Required permissions:

create on namespaces (cluster-scoped)
create on secrets in the target namespace
create on clusterroles (cluster-scoped)
create on clusterrolebindings (cluster-scoped)

Remediation: Switch to a kubeconfig context with cluster-admin or equivalent permissions before running the installer.

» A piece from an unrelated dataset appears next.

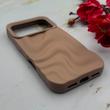 قاب گوشی iPhone 17 Pro آیفون سیلیکونی مینیمال موج دار مات برجسته Waves Matte کد 158216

Helm Deploy Timeout (--atomic Rollback)¶

The --atomic flag causes Helm to roll back automatically when pods do not reach the Ready state within the timeout. Check events to identify the root cause:

kubectl get events -n slopilot \
    --sort-by='.lastTimestamp'

Common causes:

PVC not binding: A StorageClass supporting ReadWriteOnce may not exist, or no storage capacity is available.
```
kubectl get pvc -n slopilot
kubectl get storageclass
```
Ensure the StorageClass has a provisioner that supports ReadWriteOnce and has available capacity.
Image pull failure: The registry-pull-secret credentials may be expired or incorrect.
```
kubectl get events -n slopilot \
    --sort-by='.lastTimestamp' | grep -i pull
```
Re-run the installer with valid GHCR credentials.
Insufficient node capacity: Default resource requests total approximately 1.1 CPU and 2.3 Gi memory for SLOpilot itself, plus 1 CPU and 2 Gi for Prometheus. Verify nodes have sufficient allocatable capacity:
```
kubectl describe nodes | grep -A5 "Allocated resources"
```

Admin Password Lost¶

If the auto-generated admin password was not saved, retrieve it from the Secret:

kubectl get secret slopilot-rightsizing-users -n slopilot \
    -o jsonpath='{.data.default-admin-password}' | base64 -d

If the password was changed through the UI after the initial installation and is now unknown, delete the users Secret and re-run the installer with an explicit --admin-password:

kubectl delete secret slopilot-rightsizing-users -n slopilot

./slopilot-install.sh \
    --username <ghcr-username> \
    --password <ghcr-token> \
    --license-key "SLOPILOT-XXXX" \
    --tag vX.Y.Z \
    --admin-password "your-new-password"

Warning

Deleting the users Secret also regenerates internal authentication credentials. All active user sessions will be invalidated and users will need to log in again.